Odnośnie do obawy przed słabszym weźmy propagandę wobec Żydów w III Rzeszy (analogia do mechanizmu, nie do istoty obu zjawisk)- tam obraz Żyda jest pełen sprzeczności i irracjonalnego lęku, raz każe Żydów przedstawiać jako rasę niższą i słabą, niewiele wartą , a za chwilę najniebezpieczniejszego wroga cywilizacji aryjskiej. Nawet po wykluczeniu Żydów ze służby publicznej, po ograniczeniu ich praw obywatelskich i po aryzacji ich majątku nadal utrzymywano, że Żydzi są śmiertelnym zagrożeniem dla Niemiec, a nawet całego świata.

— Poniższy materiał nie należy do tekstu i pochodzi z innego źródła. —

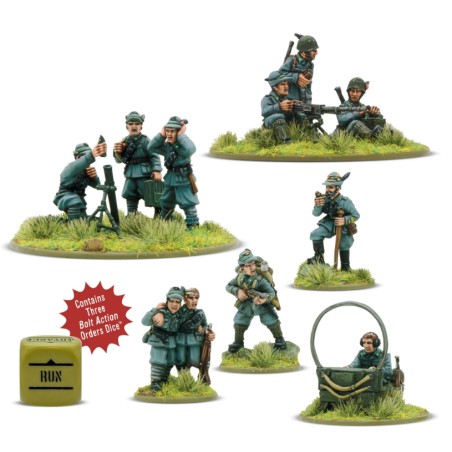 Bolt Action: Italian Alpini Support Group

Artykułu nie będę bronił za wszelką cenmę przyznaję powinien być dużo lepszy i dawać obraz bardziej wyważony. Jego braki nie mają jednak żadnego związku z KULem i brakiem oczytania w źródłach. nie wiem skąd takie złośliwe wnioski.
Pozdrawiam,
autor.
Ten artykuł pokazuje dobitnie z jakiej tradycji czerpie małżeństwo. Dlatego jest już najwyższy czas, żeby poważnie rozmawiać o związkach partnerskich – jako powszechnym sposobie zawierania umów na dalsze życie między dwojgiem ludźmi, a nie jedynie alternatywie dla par homoseksualnych.
Jaką trzeba być zakłamaną i ograniczoną osoba, aby wierzyć w coś takiego, że kobieta jest w jakiś sposób gorsza od mężczyzny. Uważam, że to strach przed rywalizacją i przerośnięte ego takich osobników prowadzi do takich poglądów.